*Given information*:

-------------------------

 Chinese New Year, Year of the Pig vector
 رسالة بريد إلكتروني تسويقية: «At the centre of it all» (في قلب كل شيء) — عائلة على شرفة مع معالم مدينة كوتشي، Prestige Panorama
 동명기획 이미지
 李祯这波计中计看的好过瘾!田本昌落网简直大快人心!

-------------------------

*Assignment*:
Each line of the data above needs to be returned exactly.

*Answer for the task*:
 Chinese New Year, Year of the Pig vector
 رسالة بريد إلكتروني تسويقية: «At the centre of it all» (في قلب كل شيء) — عائلة على شرفة مع معالم مدينة كوتشي، Prestige Panorama
 동명기획 이미지
 李祯这波计中计看的好过瘾!田本昌落网简直大快人心!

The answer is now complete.